Clock drift in a US MIM-104 Patriot battery caused its internal clock to lose 1/3 of a second during 100 hours of operation. When a radar warned it of an incoming Scud missile, the Patriot battery looked at the part of the sky where the missile had been 1/3 of a second previously, found no missile, and discarded the radar information as being an error. It failed to launch an interceptor and the incoming missile got through.
But, wait a minute? Clock drift, in mil-spec hardware? Mil-spec is manufactured to high degrees of reliability and robustness; you wouldn’t expect clock drift to be an issue. As it turns out, this clock drift was a programming error. The Patriot system keeps its time as a 24-bit fixed-point number, And the clock was updated ten times a second. You cannot represent one-tenth in binary. The number that was actually being added to the count of seconds ten times a second was 209715/2097152, which was as close as they could get within the constraints of their representation. The radar used a different time system; it had its time constantly updated from a GPS satellite configuration.
This difference hadn’t affected operations before that point because the difference is small and the Patriot’s time was set every time the system came up. But in Dhahran, the soldiers were under constant threat for an extended period and had kept their Patriot battery up for four full days, which meant it had been four full days since the clock was set. The Patriot system lost 2/2097152 seconds every second even when its hardware was functioning flawlessly. After 100 hours, that adds up to 720000/2097152 seconds, or just over 1/3 of a second. So after 100 hours of continuous operation, the next incoming Scud got a free pass.
The Patriot was originally designed as an anti-aircraft system, and aircraft are usually a lot slower than missiles. So “small” discrepancies in clock values would not usually make so much of a difference as to cause the Patriot battery to entirely fail to track the target. The Patriot was also designed for mobile deployments where it was important for it to evade detection, where it would not have been in operation for more than a few hours at a time. And had it been used for the purpose for which it was designed, this would not have been a problem.

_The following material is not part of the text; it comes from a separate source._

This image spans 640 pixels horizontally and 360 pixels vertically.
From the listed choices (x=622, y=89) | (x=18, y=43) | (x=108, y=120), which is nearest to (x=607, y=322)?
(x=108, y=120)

But when there’s a need in the field and something is the best thing available to fill that need, it gets used in that capacity. In Desert Shield the need was for protecting civilian targets and non-mobile military installations from Scuds, and at Dhahran, Saudi Arabia, on February 25 1991, the system had been in operation for four days.
After deploying the Patriot system in this drastically different capacity, its shortcomings had been noticed, not by American forces, who were entirely familiar with the Patriot and had accepted its behavior as normal, but by Israeli forces to whom it was issued as part of Desert Shield; The Israelis being less familiar with the system paid more attention to it. In particular, they hooked up their data recorders and observed statistical patterns. Just two weeks before the incident, a bug report had been filed based on Israeli data that showed inaccuracy as a function of time since boot. The problem was analyzed and a software update was made available. But it’s difficult to arrange transportation and software distribution in a combat zone, and the update reached Dhahran literally one day too late.
Checklist items:
- Software patches when needed are good – but not as good as getting it right.

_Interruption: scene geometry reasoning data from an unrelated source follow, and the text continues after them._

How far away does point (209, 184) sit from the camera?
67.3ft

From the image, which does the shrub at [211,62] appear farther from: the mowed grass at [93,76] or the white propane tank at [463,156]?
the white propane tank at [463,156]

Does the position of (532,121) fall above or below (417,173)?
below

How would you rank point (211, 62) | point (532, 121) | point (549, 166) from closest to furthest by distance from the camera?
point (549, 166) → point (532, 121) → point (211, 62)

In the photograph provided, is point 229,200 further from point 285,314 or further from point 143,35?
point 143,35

- When deploying something in a capacity different from that for which it was designed, pay special attention to bug reports filed by new users. They are more likely to notice new problems.
- When different parts of a system need a precise agreement about something (in this case time), make sure that they are setting it from the same source and updating it from the same source or at least in the same way.

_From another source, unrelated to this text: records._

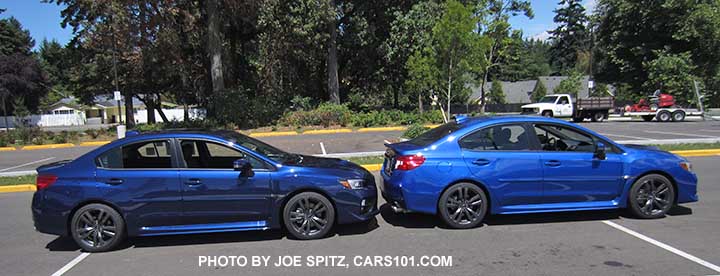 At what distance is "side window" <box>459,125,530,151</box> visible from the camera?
555 centimetres

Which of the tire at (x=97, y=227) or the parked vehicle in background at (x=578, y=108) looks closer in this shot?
the tire at (x=97, y=227)

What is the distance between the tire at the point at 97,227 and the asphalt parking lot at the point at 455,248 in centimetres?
14

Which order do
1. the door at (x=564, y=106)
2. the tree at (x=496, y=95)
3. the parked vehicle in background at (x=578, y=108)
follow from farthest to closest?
the tree at (x=496, y=95) → the door at (x=564, y=106) → the parked vehicle in background at (x=578, y=108)

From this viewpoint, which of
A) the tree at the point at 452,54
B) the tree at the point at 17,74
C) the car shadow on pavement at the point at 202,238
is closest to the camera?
the car shadow on pavement at the point at 202,238

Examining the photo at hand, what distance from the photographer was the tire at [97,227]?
4.96 m

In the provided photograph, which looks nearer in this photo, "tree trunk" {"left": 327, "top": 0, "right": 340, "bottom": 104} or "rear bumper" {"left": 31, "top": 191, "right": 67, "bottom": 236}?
"rear bumper" {"left": 31, "top": 191, "right": 67, "bottom": 236}

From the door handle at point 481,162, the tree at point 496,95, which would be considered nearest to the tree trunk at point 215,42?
the door handle at point 481,162

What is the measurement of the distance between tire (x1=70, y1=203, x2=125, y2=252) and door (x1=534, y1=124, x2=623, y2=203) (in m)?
5.39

- If different parts of the system are not updating from the actual same source, then make sure that there is a feedback channel between them that forces adjustments to bring them back into agreement.
- When dealing with fractions, you have to pay attention to numeric methods. Numeric Methods books are mostly about round-off errors and techniques to combat them or minimize their effects. In this case, basic numeric methods would have told you to do one of these things:
- Update 8 or 16 times per second rather than 10.
- Represent time in units evenly divisible into tenths of a second.
- Add a small adjustment every tenth tick.
- Or, use a wider representation for time, depending on the degree of acceptable error. Nobody should ever have the job of explaining “degree of acceptable error” to 28 grieving families, but acceptable, in these terms, would be a level of clock drift that varied by a tenth of a second or so over an entire year of uptime. That could have been achieved by using a 32-bit rather than a 24-bit counter.